Justin Harvey, CTO of Fidelis Cybersecurity presented: ‘Best Practices for Proactive Hunting’.
He suggested some ideas for quicker remediation of compromises in a SOC environment. His ideas on automation in incident response were highly valuable and informative.
Tomas Rosa presented: ‘GPS Hacking -From Beautiful Equations to Serious Threats’. He demonstrated some cool GPS tricks and touched on software defined radio. His research used easy to manage software and hardware to do some pretty cool things that we probably can’t attempt in the US without upsetting the FCC.
Jan Kolouch and Ales Padrta, both from CESNET in the Czech Republic presented: ‘Phishing and Ransomware in the Czech Republic (2012-2015)’. They led the audience through the changing face of Ransomware as seen in various legal cases, from Fake Anti-Virus pop-ups to current threats such as Locky and SamSam. They discussed their analysis of phishing emails, drive-by downloads and the notices that victims received as each variant changed.
Raoul Chiesa: President of Security Brokers presented: ‘(Digital) Democracy and massive-control in the post-Snowden age’
His talk analyzed the concepts of data breaches and violations of privacy after the NSA leaks, along with recent incidents in Kiev and Caracas.

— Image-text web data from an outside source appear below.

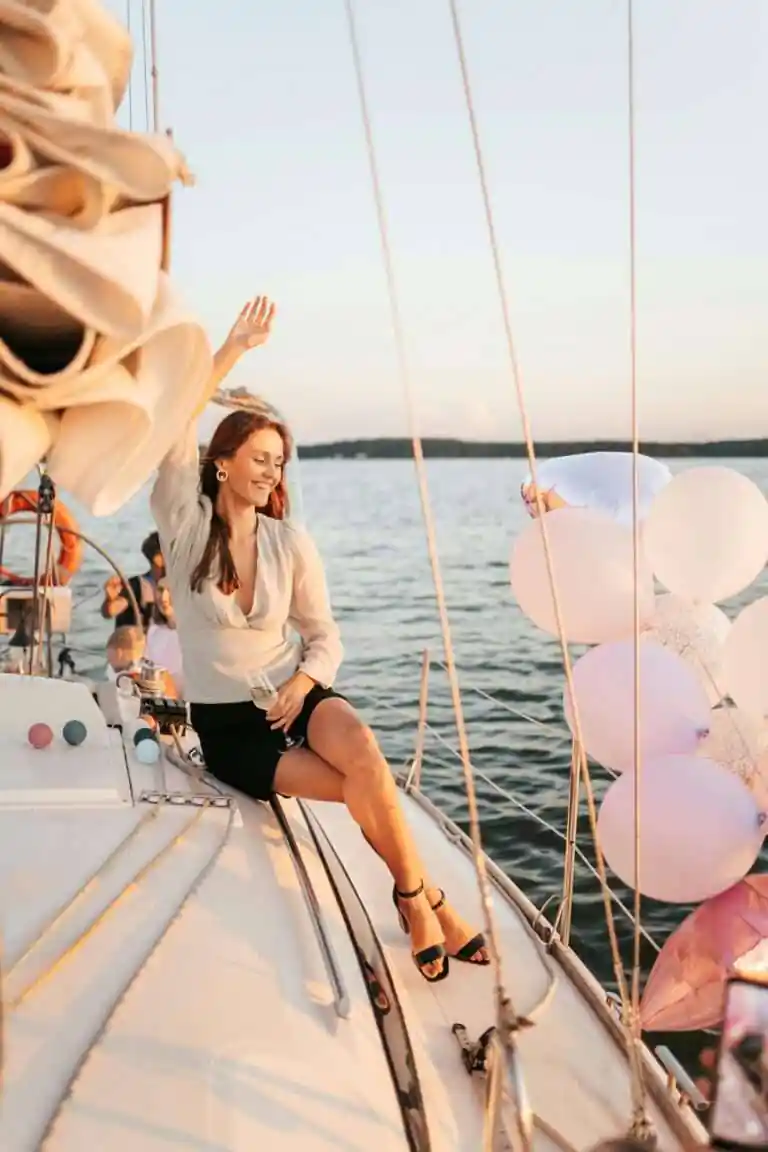 Boat tour Toronto rental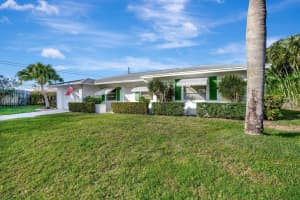 327 Leigh Road, Tequesta, FL 33469 Sold 03/03/25
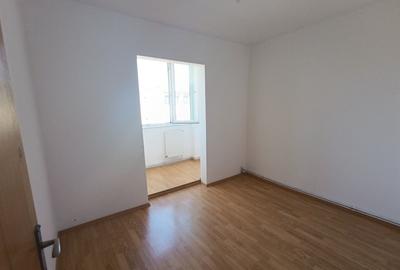 Apartament cu 4 camere decomandat în Bartolomeu - 5
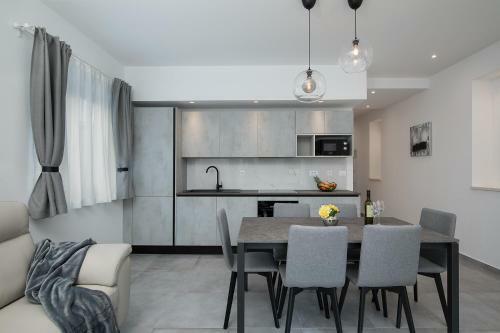 Apartments Igor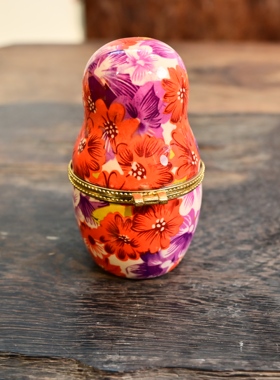 日本回流俄罗斯套娃型储物罐瓷摆件铜镶嵌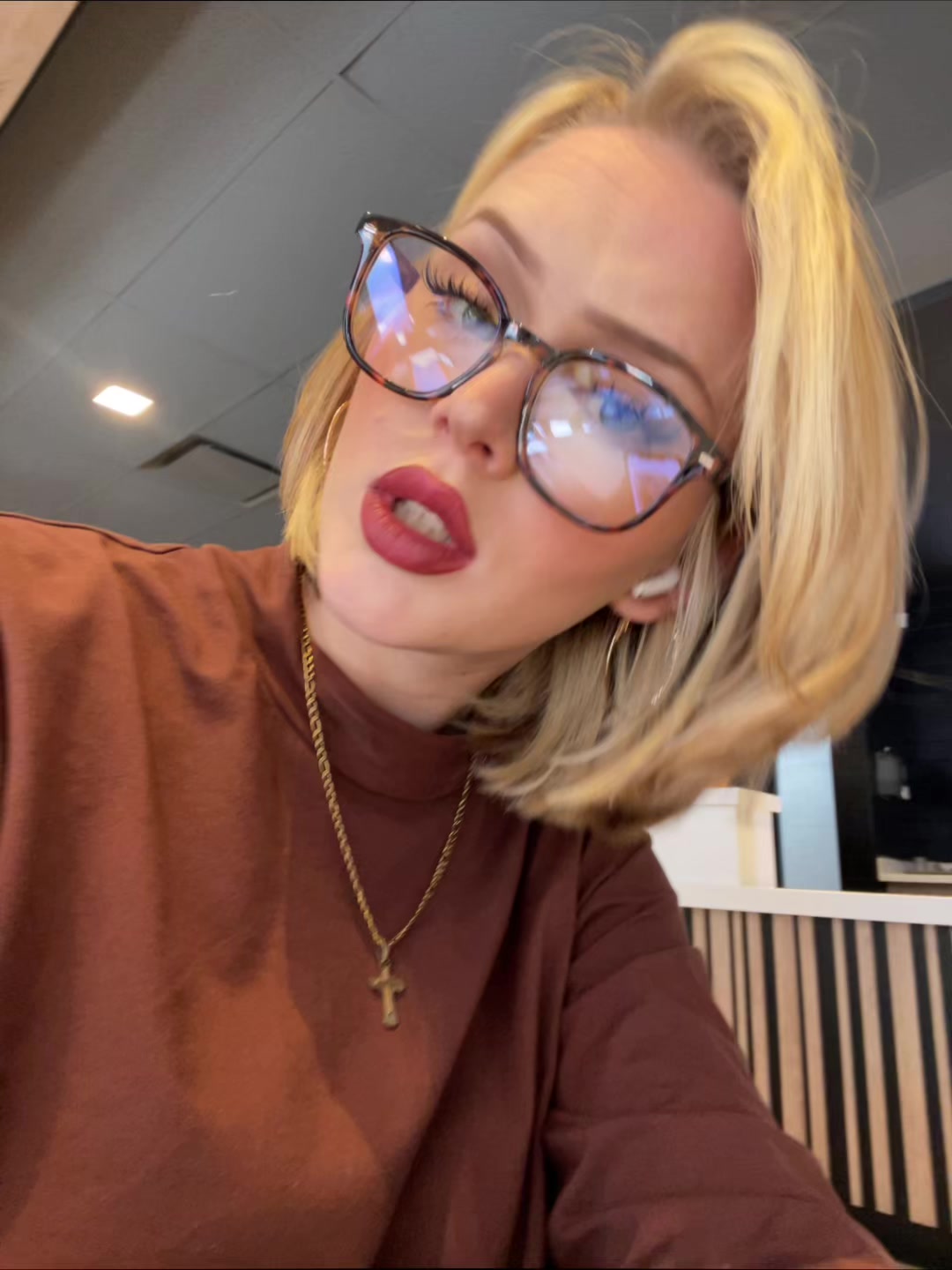 @anacruser_
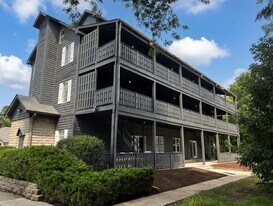 10102 Main St in Hebron, IL - Building Photo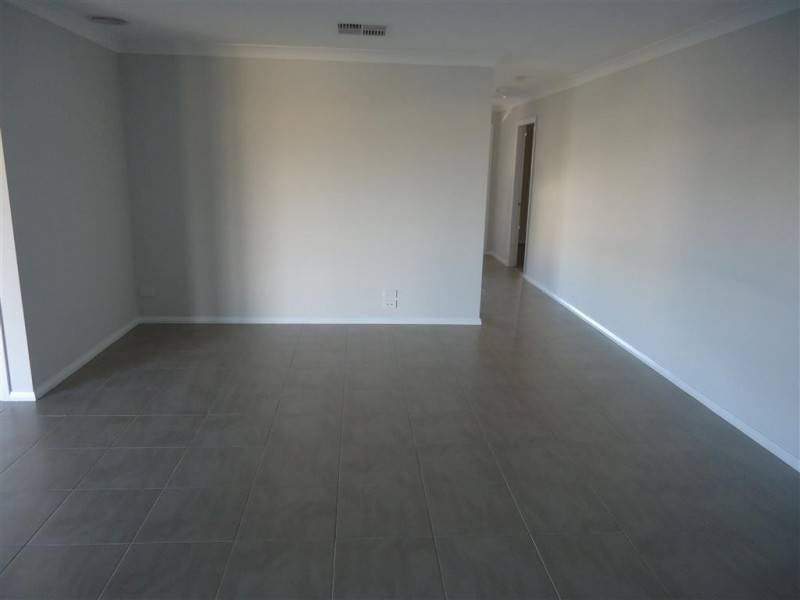 6 Ellerslie St, Gobbagombalin NSW 2650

He also included a focus on democracy and large-scale information control in the 21st Century.
In addition to the great speaker content and clean organization of the conference, Microsoft sponsored a speakers dinner on the first evening where we could talk over the sounds of local music while passing around plates of goulash and other eastern European specialties.
The organizers of QuBit created a very professional and comfortable atmosphere with high profile speakers who delivered practical and helpful advice. The conference was busy, but felt intimate, allowing participants to find value in the time they took to attend.